People are sending their $500 reservations directly to Ford, reserving their Mach E’s online, not at the dealerships. The dealerships are now the delivery boys for Ford. What will the dealership’s add to the transaction? Electron rustproofing?
Actually, there are some things a dealer could do to “add value”, starting with installing home charging equipment, but that is going to take effort on the dealer’s part.
Dear Ford…
Kind of embarrassing to have to point this out, but on your web site you discuss battery capacity in terms of “kw” (kilowatts), instead of “kWh” (kilowatt hours). The difference matters, so please correct.
Mustang Mach E, First Look
Nikki shows us a few of the E’s fairly cool features. I have to say that while I had notice the lack of door handles, I thought it was just that they blended in to the body. They seem to have taken Tesla’s idea, and went a bit further.
Big Oil in Big Trouble
The future is not looking bright for oil, according to a new report that claims the commodity would have to be priced at $10-$20 a barrel to remain competitive as a transport fuel.
The new research, from BNP Paribas, says that the economics of renewable energy make it impossible for oil to compete at current prices. The author of the report, global head of sustainability Mark Lewis, says that “renewable electricity has a short-run marginal cost of zero, is cleaner environmentally, much easier to transport and could readily replace up to 40% of global oil demand”.
As a result, the report says, the long-term break-even oil price for gasoline to remain competitive as a source of mobility is $9-$10 per barrel, and for diesel $17-$19 a barrel
More and more analysts, industry insiders, and business/economics journalists are beginning to see the looming iceberg the oil industry is sailing toward with no awareness of their peril.
The current “oil boom” brought about by fracking was the result of new technology, and huge sums of borrowed money. The oil industry has always had a “boom/bust” cycle where the rising price of oil causes more rigs to be built, resulting in a glut of oil, which then drives down the price, bankrupting the late arrivals and the early players who didn’t have enough sense to get out before the prices collapsed. This then resulted in a contraction of the oil supply, causing the prices to rise again.

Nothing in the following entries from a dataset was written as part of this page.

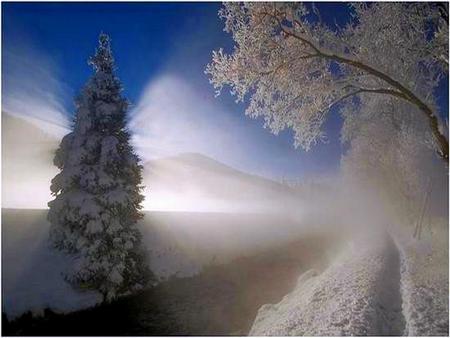 Winter mist - winter, road, frost, branches, sunlight, tree, mists, snow, cold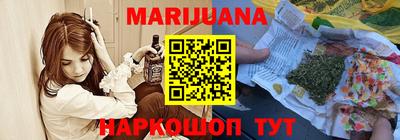 гидра Моздок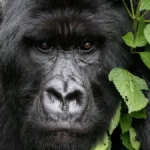 What Is the Age Limit for Gorilla Trekking in Uganda?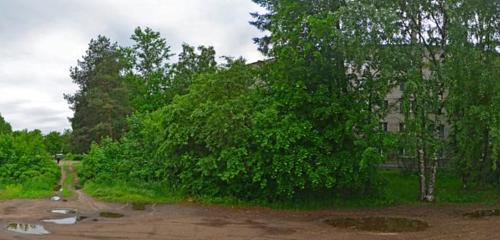 Панорама дома обл. Новгородская, р-н. Боровичский, г. Боровичи, ул. Сушанская, д. 8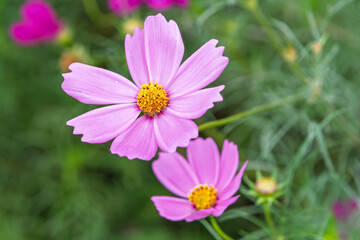 Obraz premium 秋の庭園で鮮やかに咲く二輪のピンクのコスモスの花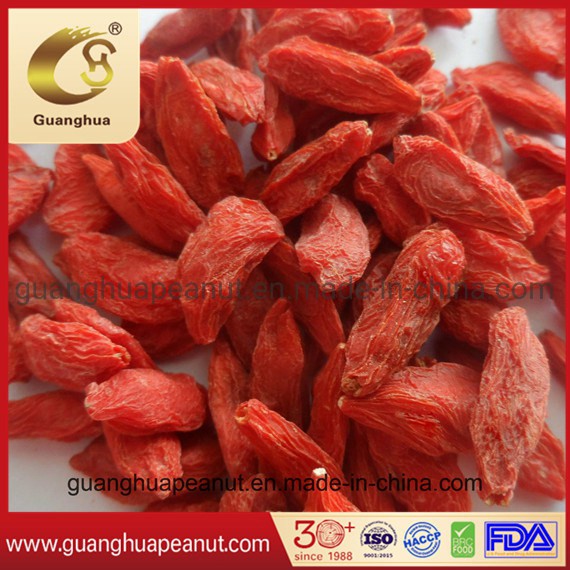 Organic Goji Berry Healthy Product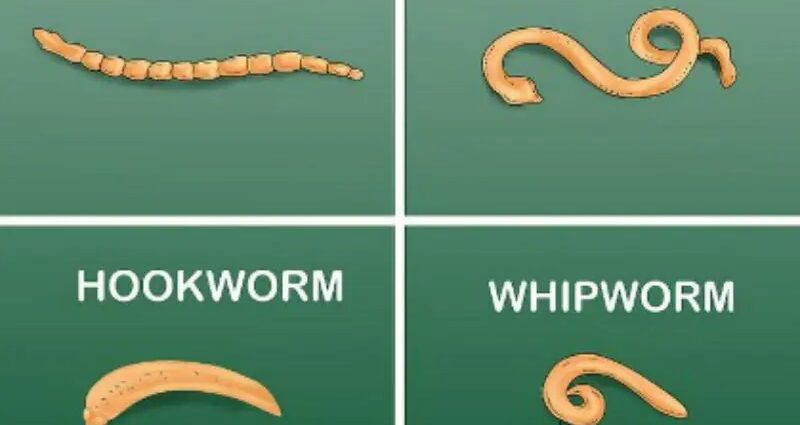 Was sind Hakenwürmer, die Würmer, die Katzen befallen?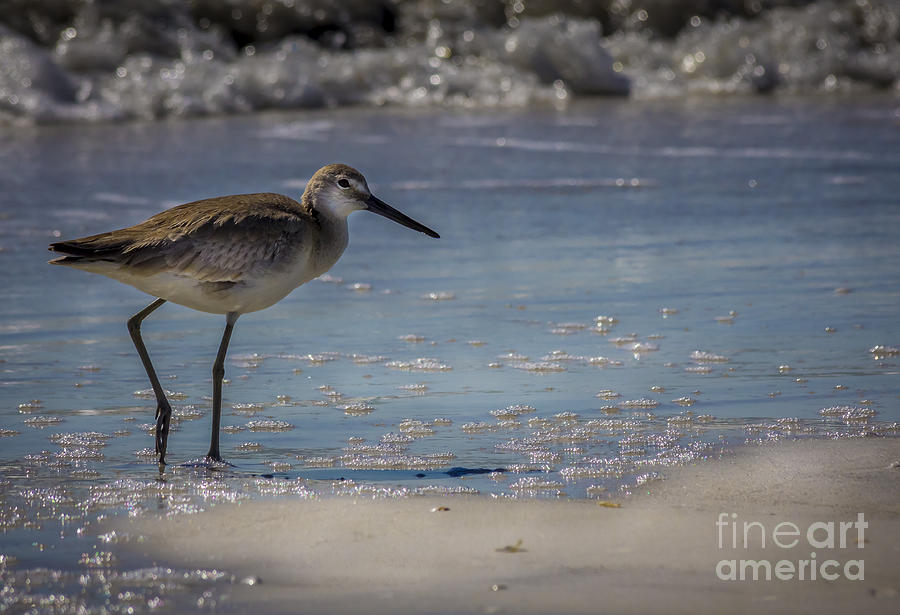 Tampa Photograph - A Walk On The Beach by Marvin Spates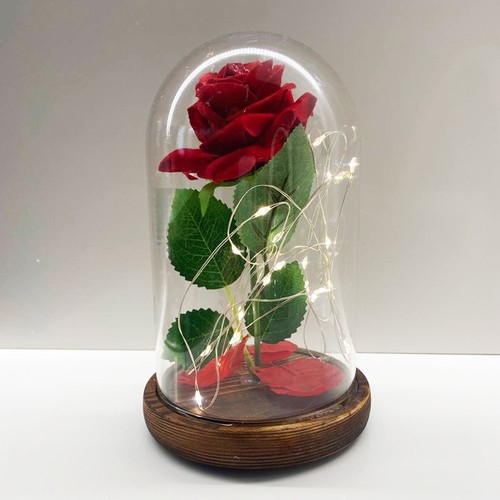 Rosa eterna incantata bella - eterna,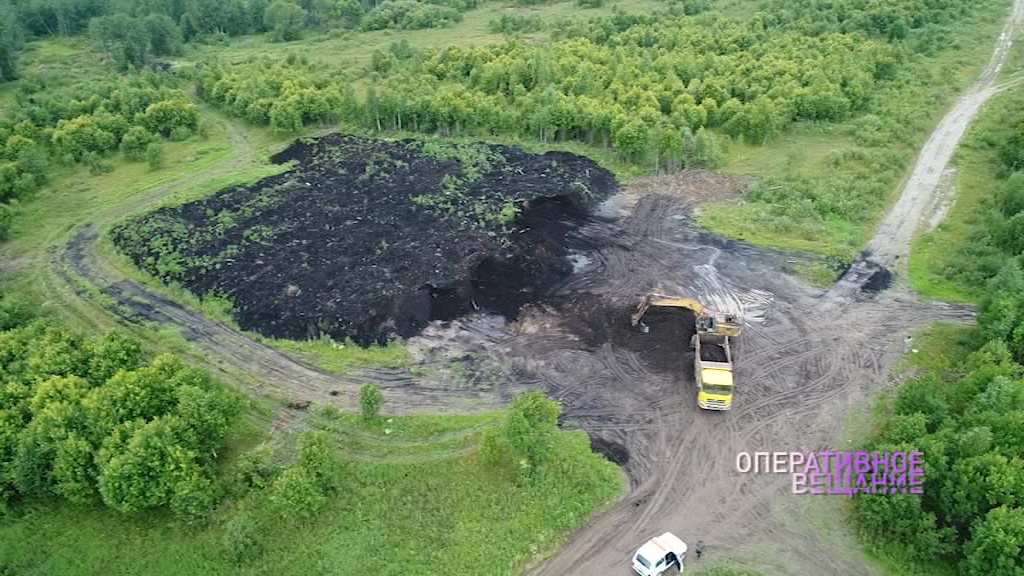 Под Рыбинском вычислили «черных копателей»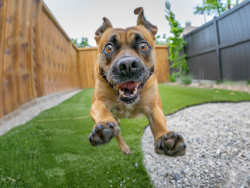 Hassle-Free Pet Waste Removal Services in Prosper You Can Trust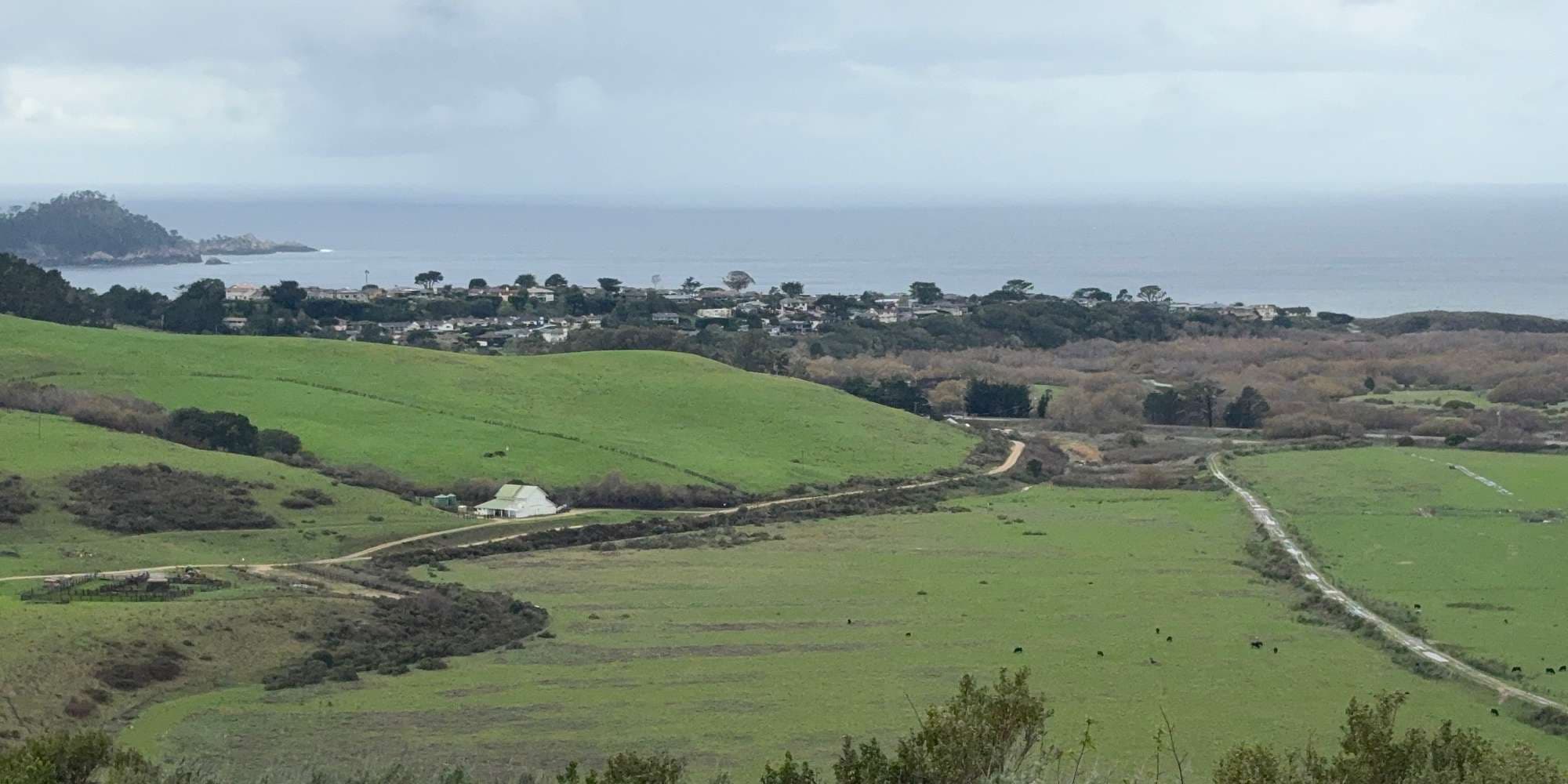 Second image to compare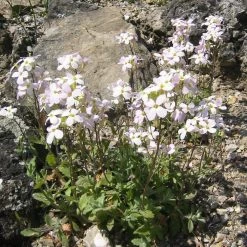 FuturePlanter Alpen-Gänsekresse (Arabis Alpina) Alle Pflanzen Im Shop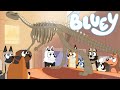 Bluey fan animated short 1  museum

Rinse and repeat every decade since Titusville.
The new variable in this economic see-saw, is the rise of EVs and global warming. At some point, society is going to impose restrictions on oil extraction, which would limit supply and drive up the price. This would normally be welcomed by the oil industry, as consumers and industry must have oil for transport. But, unlike times past, there is an alternative to internal combustion engines powered by oil byproducts, electrically powered vehicles. Cheaper, cleaner, and with less impact of the environment.
So, as the price of oil rises, consumers are driven to EVs, which are cheaper to fuel, operate and maintain. The more people who switch, the lower the demand for oil, which drives the most expensive producers to bankruptcy, which reduces the supply of oil, keeping the price high.
“For the oil majors, the challenge is on a scale that they have never faced before, and business-as-usual is simply not an option,” the bank says, with any projects with break-even costs of $20 a barrel or higher facing the possibility that up to 40% of their output at below the cost of production.”